Thursday, 16 February 2012

Lapsed Logo

Stop gap logo quickly composed in Photoshoppe. Perhaps sitting a little large on the top, could do with a nice border too, and a nice textured background behind the text, more grunge. Miniatures?

Oh yes, a pair of Dark Eldar Khymera's to be blogged here this weekend. Finishing them tonight.

Friday, 10 February 2012

Stuff on the go

Keep threatening to sit down to paint but end up doing something else instead. These are jobs I MUST finish dammit!
Technically, the Lava Dragon has been waiting to be finished for over 15 years FFS. The Wyvern ought to be done soon, found some great painting reference in a modern book of dinosaurs.

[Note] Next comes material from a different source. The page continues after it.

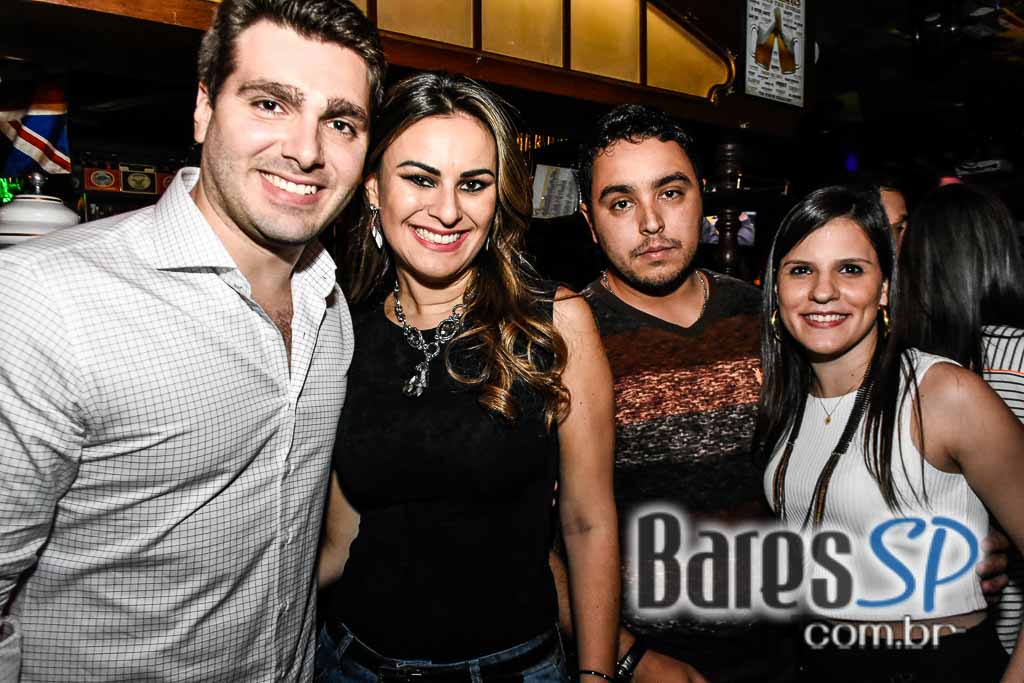 William Kim e banda Vih animaram a noite no Republic Pub William Kim e banda Vih animaram a noite no Republic Pub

These Khymeras are examples of my recent approach to painting, 2 colour wet-on-wet washes as a base coat. The left Khymera has had more layers applied. MUST FINISH Grrrr!

~J~

Thursday, 9 February 2012

Something Gribbly This Way Comes...

Chaos Champion on Palanquin of Nurgle (1994)


Another old favourite. I still find it interesting to look at, despite the fact it is really so horrible in its subject matter: worm ridden, half rotten.... bleugh.

It was experimental at the time and has many imperfections, mostly parts that look half finished. It presages the way I am painting lately, which is to build up depth and contrast and colour variation through multiple washes, in a wet-on-wet fashion. Nurgles' subjects present opportunities to be less than careful about how the colour is applied, messy and mixed up. The Champion is painted fairly conventionally, but for the other parts, I wanted them to feel like background, in a way influenced by an artist featured in White Dwarf #96, Ian McCaig.

I did something similar with an Ral Partha Imperial Dragon, a basic base coat on the treasure pile, then lots of mono-colour washes, getting deeper in tone away from the dragon.

I'll be adding some detail views here when get around to editing them.